What To Do When Nothing Feels New And Nothing Interests You (In Your 40s)
Ever heard that phrase, a little knowledge is a dangerous thing? Well too much knowledge, of one's self, can be hazardous too.
For many of us, our twenties are a quest to "find ourselves". For those with money that means taking a year long trip to Latin America or Southeast Asia. For those without it means taking weekend long trips with, ahem, some chemical assistance. For both, it's a pretty pointless exercise because you cannot force experience or buy hindsight. I'd venture it takes until your forties to truly understand who you are and what you're about, which is a good thing because self knowledge is a double-edged sword.
Ignorance, as someone far more erudite than I once said, is actually bliss. When you are young you are, in the best possible way, ignorant precisely because of your lack of experience. You don't yet know what you do and don't like about almost anything because you've never tried it (or been hurt buy it). As such, just about everything that happens to you from the age of 0 - 29 is a thrilling new discovery. Each new experience is breathlessly anticipated because it is so full of potential. Every new book, band or film could change your life. Every new trip could be the start of an epic journey. Every night out could lead to a great romance because you have yet to define your your tastes or your limits and, in all likelihood, you have no responsibilities either.
No responsibilities means minimal consequences. Wake up with a hangover - so what? You've nowhere particular to be, nothing important to do. Wake up in another town? Awesome, must have been a brilliant night out! Blown your budget on strippers and blow? No worries, you can live on instant noodles and scrounged fags for month - right? Your lack of self-knowledge is the key to your self-abandon. You cut yourself off from nothing because you know nothing which is, as I say, bliss!
However, by the time you get to your forties you know TOO much. You become filled with preferences, prejudices and responsibilities that stand before your choices.
"Hey, wanna get Mexican tonight?"
"No thanks, I don't like spicy food."
"Hey, fancy seeing the new SAW movie?"
"Nah, I'm not into horror."
"OMG you have to listen to the new Metallica album!"
"I'm not really a heavy-metal guy to be honest."
"Wanna move on to a club?"
"Thanks but I don't really dance and I've got an early start."

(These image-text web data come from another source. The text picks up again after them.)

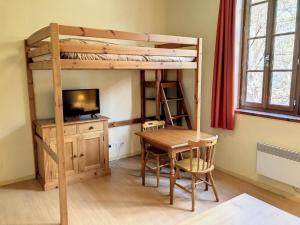 Cette chambre dispose de lits superposés, d'une table et d'un bureau. dans l'établissement Appartement Grand Hôtel Aulus-les-Bains, à Aulus-les-Bains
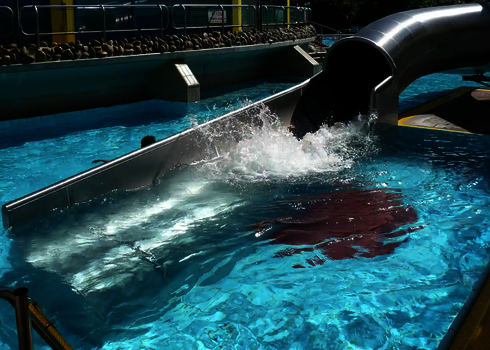 Tube slide ends with a powerful splash into an outdoor pool.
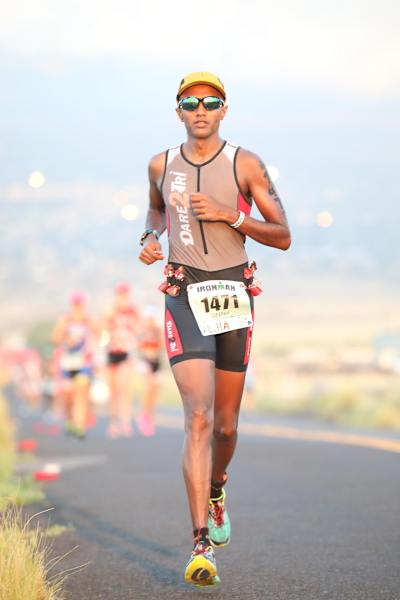 Deepak Raj runs as part of an Ironman race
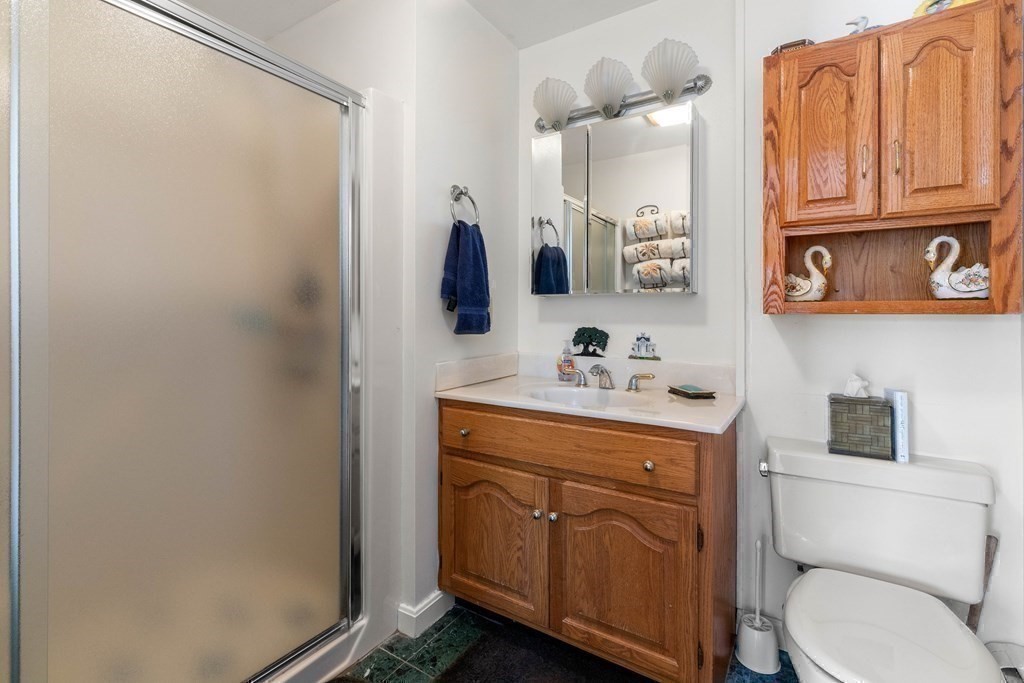 56 Skytop Road Ipswich, MA 01938 - Photo 36 of 42 a bathroom with a toilet sink and mirror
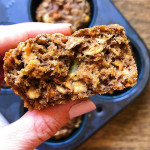 Hand holding carrot muffin cut in half with muffin tin of other carrot muffins in the background.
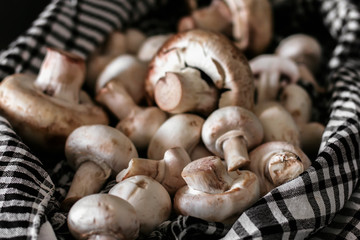 Fresh champignon mushrooms group on the table. Fresh vegetables mushrooms - the concept of healthy proper nutrition. Dark Food Photography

And because you know exactly what you do and don't like you see no reason to deviate. It's comfortable but it's also boring and can lead to middle-aged ennui - that feeling, not of having nothing to do, but having nothing that you want to do because your choices are so limited. You can't force yourself to like things that you know you don't and it's not always possible, based on time, cost and availability, to try something completely out of the blue so how do you create novelty when you've seen it, done it and bought the t-shirt?
My best answer is to go deep instead of broad. Yes I know what I like, but could I like more of it more deeply? For instance, I love David Bowie but he's not making any new albums anytime soon so I have recently been on a voyage of discovery to find his influences and collaborators, which has led me to Iggy Pop, Ryuichi Sakamoto and Donny McCaslin.
I love drinking (I really do!), but I no longer enjoy getting drunk so I have taken a deep dive into classy cocktails and spirits, teaching myself to mix and investing in better gear and ingredients. I love vinyl records too so have invested in a decent set up and happily go crate digging at weekends in search of obscure sounds and rare pressings. And I love alt. culture so have set up my Mooreish newsletter, which gives me an excuse to go hunting for books, music, films and art to share with other middle-aged people who once had their finger on the pulse but now can't find it at all!
Honestly, there is no point in me going backpacking , trying wakeboarding or taking a woodworking course. I hate hostels, I can barely swim and I am crap with my hands. But those interests I do have are like little portals, not into larger worlds but deeper ones. This, for me, is the key.